Wow...those are pretty damaged


----------



## JugBR (Sep 13, 2008)

pretty damaged ? i think its totally damaged !


----------



## Matt308 (Sep 13, 2008)

Heat seeking missile damage by the looks of it. MANPADS probably.


----------



## JugBR (Sep 13, 2008)

what happened with the pilots of these planes ramirez ?


----------



## Gnomey (Sep 13, 2008)

That's quite some damage. By the looks of things Jug they are back at a base in Russia and so the pilot would of just been shaken?


----------



## JugBR (Sep 13, 2008)

Gnomey said:


> That's quite some damage. By the looks of things Jug they are back at a base in Russia and so the pilot would of just been shaken?



amazing they could flight in that kind of situation. migs and sukhois are more reliable the hollywood movies made us to believe so !

in my ignorance i allways thought this kind of planes was one shot, one explosion.

amazing !


----------



## Matt308 (Sep 15, 2008)

IT is amazing. Even though these are two engine aircraft, the engines are physically in close proximity to each other. That's some serious damage to a rotating turbine and I would have thought it would take both engines out.


----------



## DerAdlerIstGelandet (Sep 15, 2008)

Ramirezzz said:


> Or maybe anyone who opposes the West in some sensitive issues risks of being called a Commie? Please enlighten me Adler, I don't get the point!

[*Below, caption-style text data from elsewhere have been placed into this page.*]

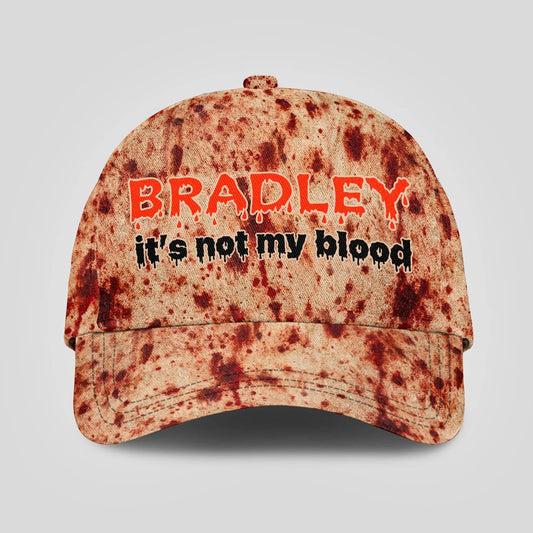 It's Not My Blood Halloween Cap BRADLEY 13K1 C70PF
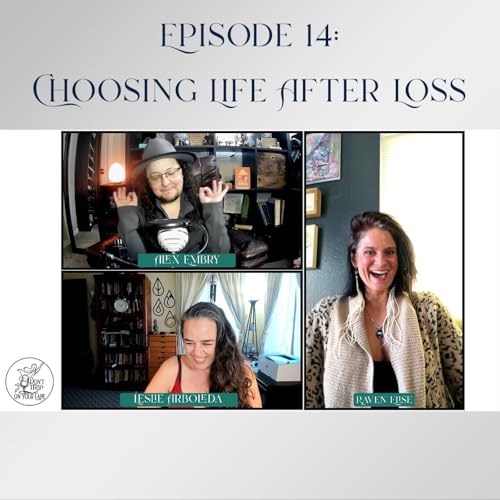 Episode 14: Choosing Life After Loss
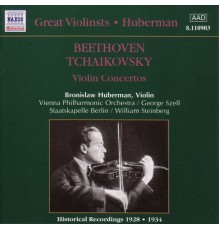 Bronislaw Huberman, George Szell - Beethoven & Tchaikovsky : Violin Concertos (1928, 1934)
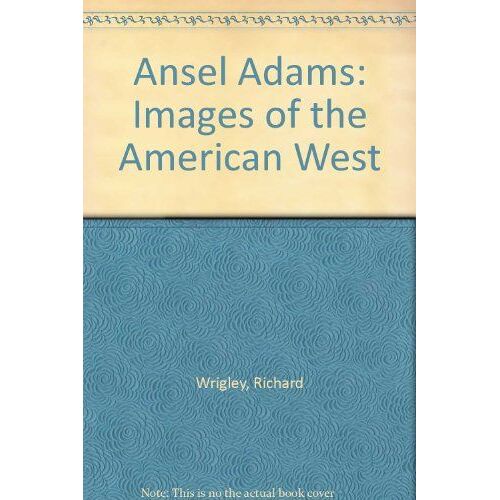 Ansel Adams: Images Of The American West
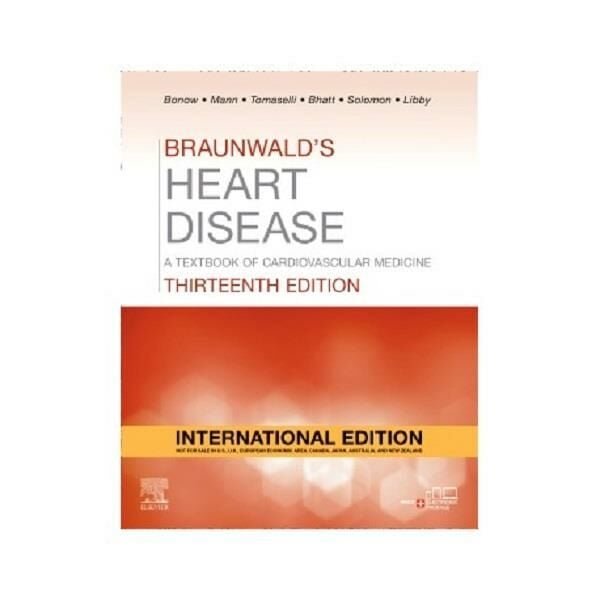 Braunwald's Heart Disease A Textbook of Cardiovascular Medicine 13 Edition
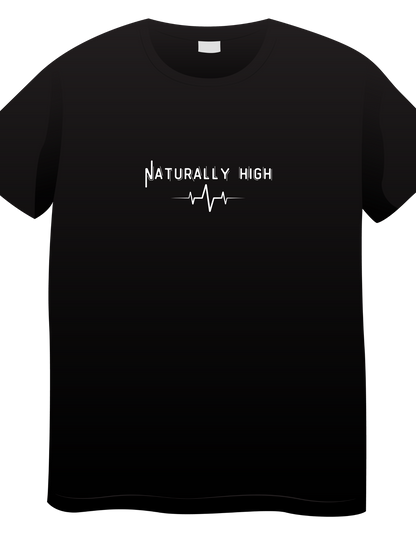 Naturally High T-Shirt
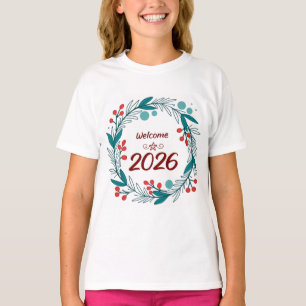 Elegant Welcome to 2026 – Festive Laurel Wreath T-Shirt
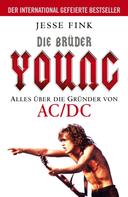 Jesse Fink: Die Brüder Young - Alles über die Gründer von AC/DC 
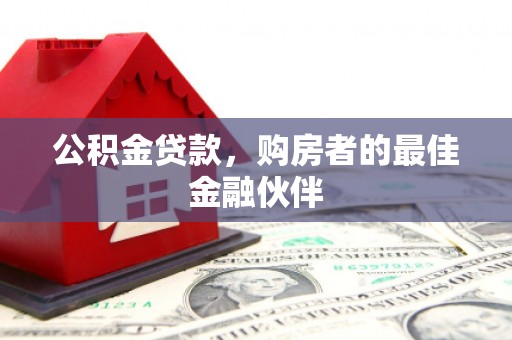 增城公积金贷款，购房者的最佳金融伙伴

No I have no problem with people being critical of the west. Everyone is entitled to their opinion. If I were against peopel being critical of the west, you would have been banned already? I would not ban you, because you are only stating your opinion, which is great. That is the point of these forums to discuss stuff.

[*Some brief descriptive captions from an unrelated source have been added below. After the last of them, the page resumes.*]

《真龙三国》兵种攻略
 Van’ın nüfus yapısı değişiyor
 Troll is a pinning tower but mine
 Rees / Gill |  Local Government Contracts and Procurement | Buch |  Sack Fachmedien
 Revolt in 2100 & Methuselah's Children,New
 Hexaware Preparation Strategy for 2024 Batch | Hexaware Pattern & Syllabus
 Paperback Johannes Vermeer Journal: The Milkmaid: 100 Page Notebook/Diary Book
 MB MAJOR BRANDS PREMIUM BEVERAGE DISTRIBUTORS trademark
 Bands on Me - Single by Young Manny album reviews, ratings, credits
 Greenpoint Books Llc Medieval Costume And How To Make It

Now having said that, just as you are entitled to your opinion. I am entitled to mine? I am entitled to mine, correct?

I try to call it like I see it. 

My opinions of Putin:

He is a communist, through and through, whether he likes it or not. Sure he might have been critical of the Soviet regime, but that does not change anything. A Republican can be critical of the Republican party, does that make him any less of a Republican?

He can not be trusted.

He is looking West...

Is all of this fact? Probably not, but it is how I view the man, because I do not trust him.

Again just as you do not like Bush. I can not stand Putin. If you do not like that, well you will have to deal with it. Atleast I do not like Bush either and can admit that my own leader is not the greatest thing since sliced bread and butter and makes mistakes.

As for your expansion of NATO theory, I do not agree with it either. If NATO had been abolished, it would have been only a matter of time until Russia flexed her muscles again. Would it have been okay for Russia to do so with a weakened West? Get my point.



Ramirezzz said:


> Because this guy is one of those neoconservative hawks acting in best traditions of the Theo Roosevelt gunboat diplomacy. This guy isn't able to make compromisses, in fact he doesn't want to make any. He is a hawk, a warrior , not a diplomat. His views on Russia were up-to-date in the 1960ies or 1970ies, but not in the late 2000ies. He is just not flexible enough.



Please site hard fact examples to back these comments up. Quotes and facts please...

By the way, I am not actually expecting you to post fact or quotes. I am just making a point, that just as you have your opinion of McCain (which I absolutely do not agree with it), I have my opinion of Putin.

Am I am wrong about Putin? Maybe (I do not think so though).

Are you wrong about McCain? Maybe...


----------



## DerAdlerIstGelandet (Sep 15, 2008)

JugBR said:


> the most funny is that "you all love obama"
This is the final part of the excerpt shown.